Samochody powinny uniemożliwić przekraczanie prędkości. Jest otwarty apel
Amerykańska agencja zajmująca się badaniem wypadków drogowych zasugerowała producentom wprowadzenie do samochodów systemów, które co najmniej ostrzegałyby kierowców przed przekraczaniem prędkości, a najlepiej - przekraczanie prędkości uniemożliwiały.
National Transportation Safety Board, amerykańska agencja zajmująca się badaniem m.in. wypadków drogowych, domaga się wprowadzenia systemów, które uniemożliwiłyby kierowcom przekraczanie dozwolonej prędkości. Podstawą do podniesienia dyskusji na ten temat był wypadek, do którego doszło na początku zeszłego roku w mieście North Las Vegas (miasto znajdujące się na obszarze metropolitalnym Las Vegas).
Kierowca Dodge’a Chargera przejechałem skrzyżowanie na czerwonym świetle z prędkością 103 mil na godzinę (166 km/h) i uderzył w minivana. Wskutek zdarzenia zginął nie tylko kierowca Chargera, ale także osiem innych osób. Z ustaleń agencji wynika, że jednym z powodów wypadku była oczywiście prędkość, z jaką poruszał się kierujący. Szybko wyszło również na jaw, że mężczyzna kierujący Chargerem w latach 1992-2017 był skazany za 11 wykroczeń drogowych, między innymi za przekroczenie prędkości.
Organizacja nie ma mocy sprawczej i nie może wprowadzić żadnych rozwiązań prawnych. Wydała jednak zalecenie dla 17 producentów samochodów (m.in. Ford, General Motors, BMW, Honda, Toyota czy Volkswagen), by instalowali w samochodach systemy, które wykrywają przypadki przekroczenia prędkości i przynajmniej ostrzegają, w przypadku gdy ten jedzie za szybko. Warto zwrócić uwagę, że w Stanach Zjednoczonych, w przeciwieństwie do krajów Unii Europejskiej, nie ma obecnie regulacji, które zmuszałyby producentów do stosowania takich rozwiązań.
NTSB zwróciła się również do rządowej Krajowej Administracji Bezpieczeństwa Ruchu Drogowego (NHTSA, podlega Departamentowi Transportu), by ta wymagała od marek samochodowych stosowania systemów kontrolujących przypadki przekraczania prędkości we wszystkich nowych pojazdach. Ponadto agencja chce, by NHTSA podjęła działania mające na celu edukowanie społeczeństwa na temat korzyści płynących z używania tego typu systemów.

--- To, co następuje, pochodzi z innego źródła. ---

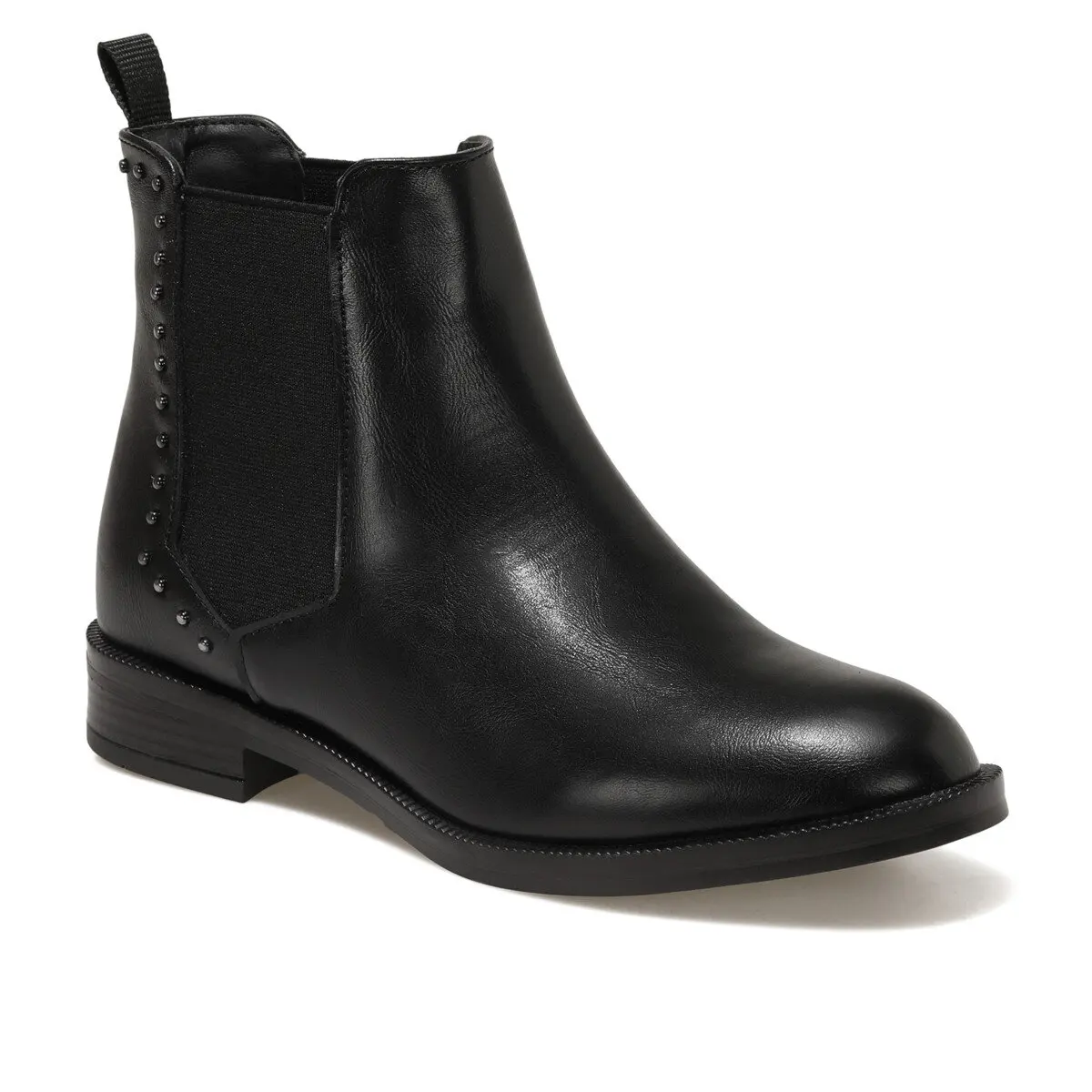 

316163.Z Black Women 'S Flat Boots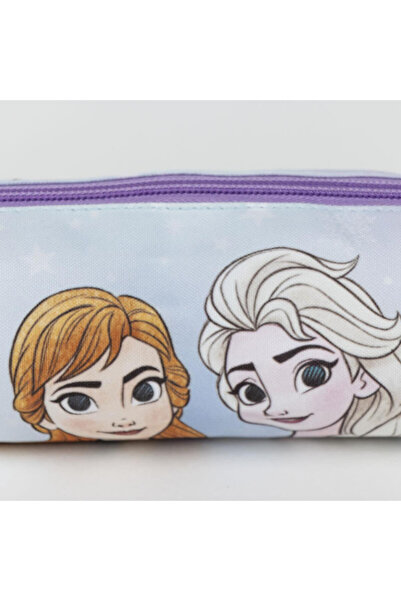 Disney Frozen Dots Sisters pencil case 20 cm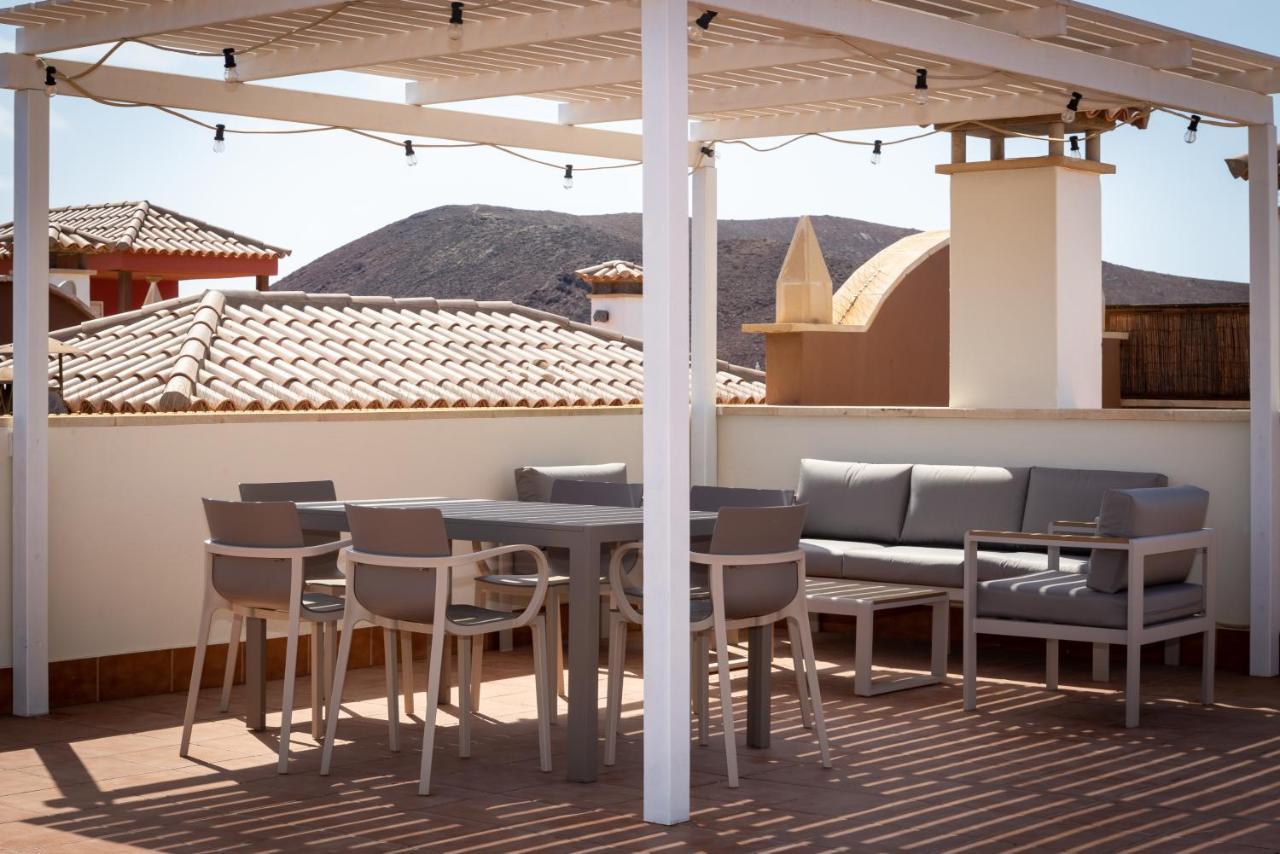 Alma Nortena - Spacious Apartment With Terrace Коралео Екстериор снимка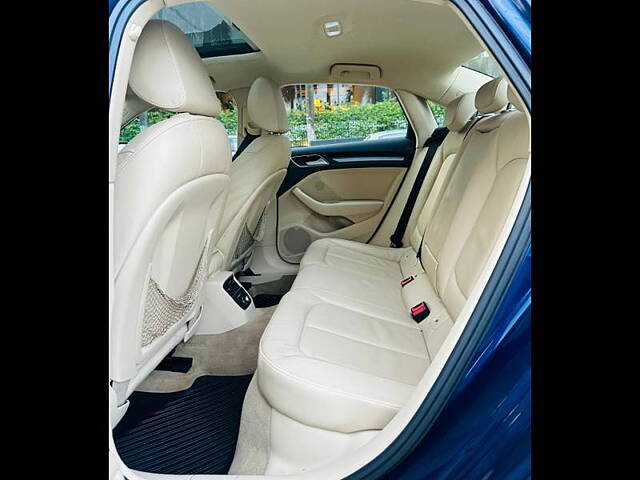 Used Audi A3 [2014-2017] 35 TDI Premium Plus + Sunroof in Mumbai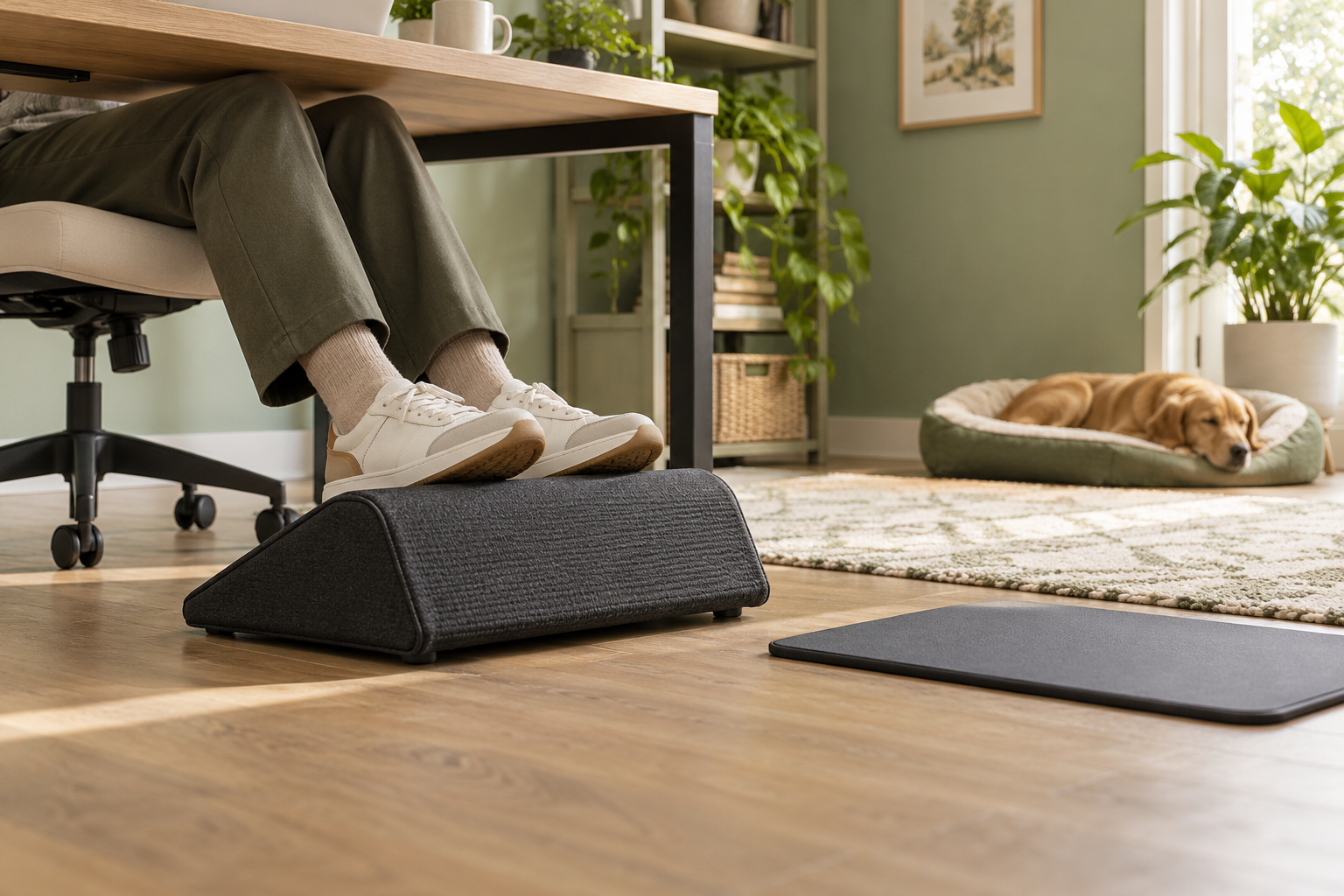 Cozy Products Toasty Toes: A Desk Fit and Setup Guide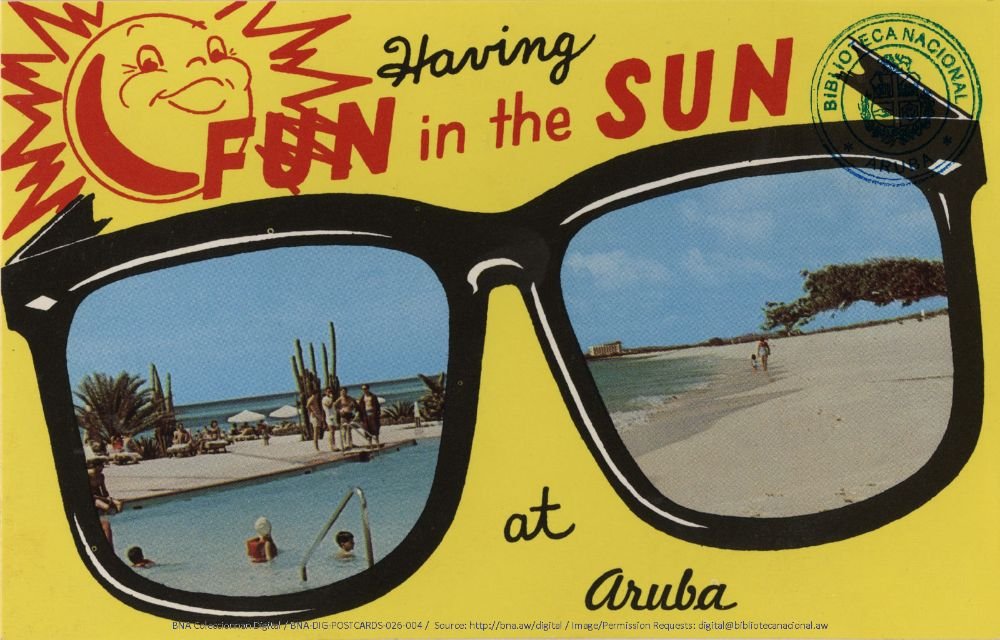 For years, Aruba’s memory institutions have been digitizing historical materials. Now, with the help of @internetarchive, the Aruba Collection is available to anyone, anywhere. 🎉 The collection is being uploaded to the @Filecoin network for long-term preservation.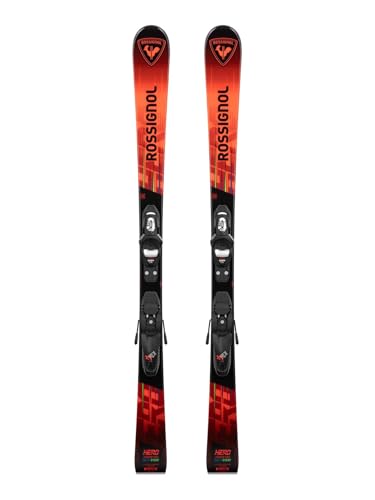  Rossignol Hero PRO Multi-Event (110-130 cm) + KID4 - Set sci OneColor taglia 120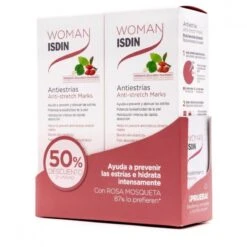 Isdin Woman Antiestrias 2X250Ml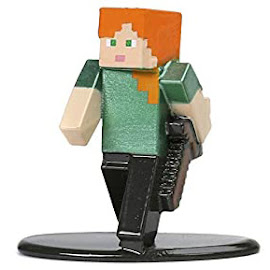 Minecraft Alex Nano Metalfigs 20-Pack Figure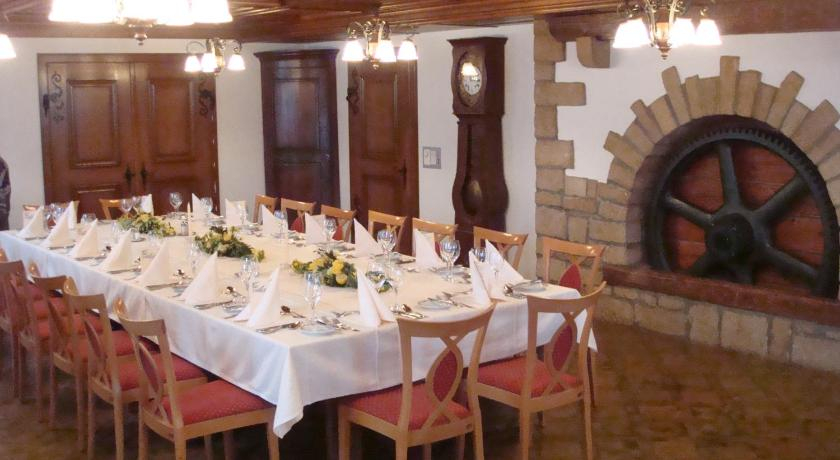 Food & Drinks 5, Hotel Kreuz, Thal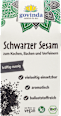 Saaten Schwarzer Sesam govinda
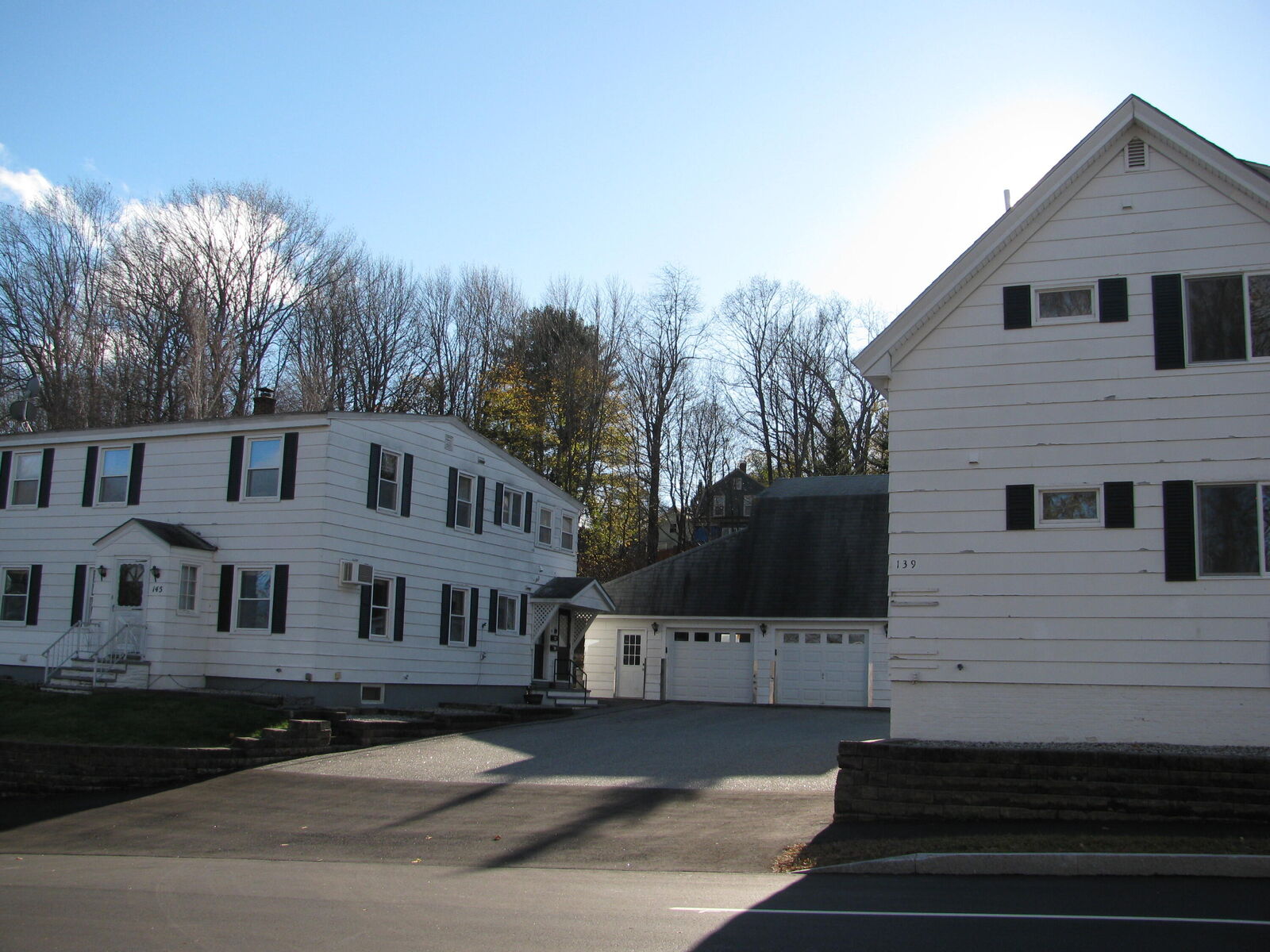 Property Photo: 139-145 Third Street ME 04210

Do sprawy w specjalnym oświadczeniu odniósł się rzecznik NHTSA. Stwierdził on, że agencja zawsze "przyjmuje uwagi NTSB i dokładnie je analizuje" szczególnie pod kątem wprowadzenia nowych regulacji.
Ponadto agencja zwróciła się do Instytutu IIHS (Insurance Instytute of Highway Safety, organizacja non-profit o charakterze naukowym, jej celem jest zmniejszenie liczby zgonów w wyniku wypadków drogowych), by zbadał skutki działań marketingowych stosowanych przez producentów samochodów. Chodzi tutaj o reklamy, które mogłyby zachęcać do przekraczania prędkości.